Now that predictive analytics are hotter than ever in higher education, it's probably a good idea to review a few fundamentals for those who are just starting to sip from the cup of possibilities.
WHY PREDICTIVES? Predictive analytics have been used in a wide variety of settings, including higher education, to manage finances, inventory, operations, assets and resources. Increasingly, higher ed institutions are turning to business intelligence for enrollment management and student recruitment. The next great wave for predictive analytics adoption in higher education is focusing on institutional performance outcomes and individualized student success.

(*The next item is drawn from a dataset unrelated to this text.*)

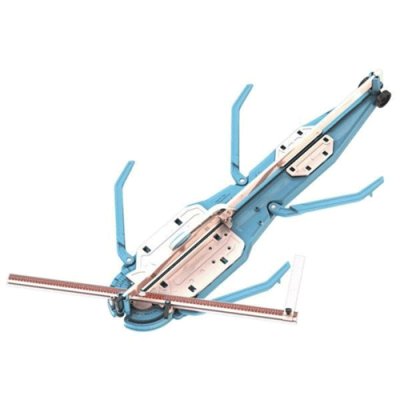 Sigma Tlie Cutter Large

WHY COLLEGES NEED TO CARE: The more that colleges and universities are being held accountable for achieving specific performance outcomes (e.g., improved student retention, better completion rates for college students), the more predictive analytics will be touted as a solution for anticipating risks likely to be encountered while trying to achieve those outcomes.

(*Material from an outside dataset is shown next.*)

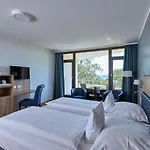 Parkhotel St.leonhard Hotel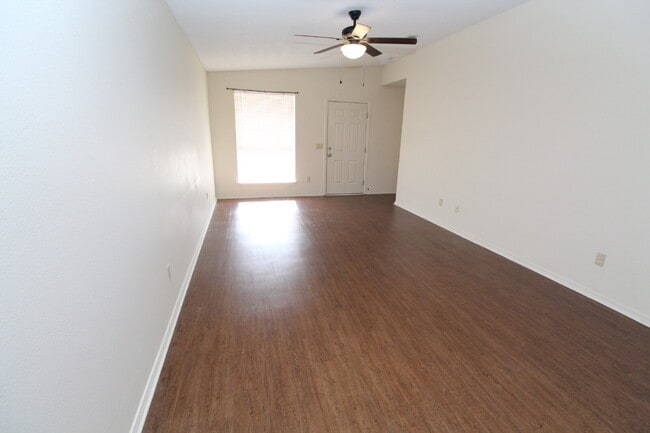 Photo - Convenient Southwest Pensacola Living — 3BR Home with Open Floor Plan, Private Fenced Yard & Easy...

SIMPLY KNOWING WHO IS AT RISK ISN'T ENOUGH. Knowing how to mitigate risks and how different students can be better served with targeted interventions and support makes predictions actionable. Predictions without action don't really matter very much to anyone.
BEWARE THE BRIGHT AND SHINY: It's going to be a little bit like the early days of the first dot.com out there, with lots of solutions available and even more promises about all the great things that those interventions and solutions can do (!!!). How will you know who to believe? How will you know what's right for you? You owe it to yourself to be informed.

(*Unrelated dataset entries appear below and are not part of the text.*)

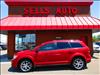 2013 Dodge Journey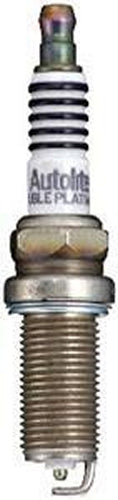 Autolite  Spark Plug  APP5325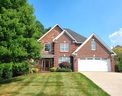 1118 Bugle Lane sold home in Newton, SC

THERE IS NO SINGLE "RIGHT WAY" TO CONDUCT PREDICTIVE ANALYSES. There are many techniques used to conduct predictive analyses. Typically one chooses the technique or techniques likely to yield results for the kinds of predictions one wants to make.
For example, if you are interested in predicting a discrete attribute you might be likely to use techniques including Logistic Regression, Decision Trees (CHAID, CART, Random Forest), Naïve Bayes, Support Vector Machine, Survival Analysis or Neural Networks. If you were more interested in predicting a continuous attribute, you'd look toward techniques such as Multiple Linear Regression, Time series or Decision Trees (CHAID, CART, Random Forest). If you were most interested in common groups, you might consider Hierarchical k-nearest neighbors, Neural Networks or Decision Trees (CHAID, CART, Random Forest).
Selecting the right techniques used for conducting predictive analyses have a lot to do with knowing the questions that the predictions will help answer, or the performance problems that are likely to be solved. Speaking of which...
START WITH A PROBLEM TO SOLVE: Sorry to burst your bubble but predictive analytics don't work quite like Magic 8-Ball. Not even Hadoop technologies do that. Answers simply do not emerge fully formed from the mists of your analytic techniques. It's easier to focus on solving a problem (e.g. what causes students to drop out? Are these causes common in all settings?) or finding a new opportunity (e.g. what motivates students to complete courses faster?). Your problem statements and queries will help you focus on finding data sources and selecting techniques for analyses that are likely to reveal the patterns you seek.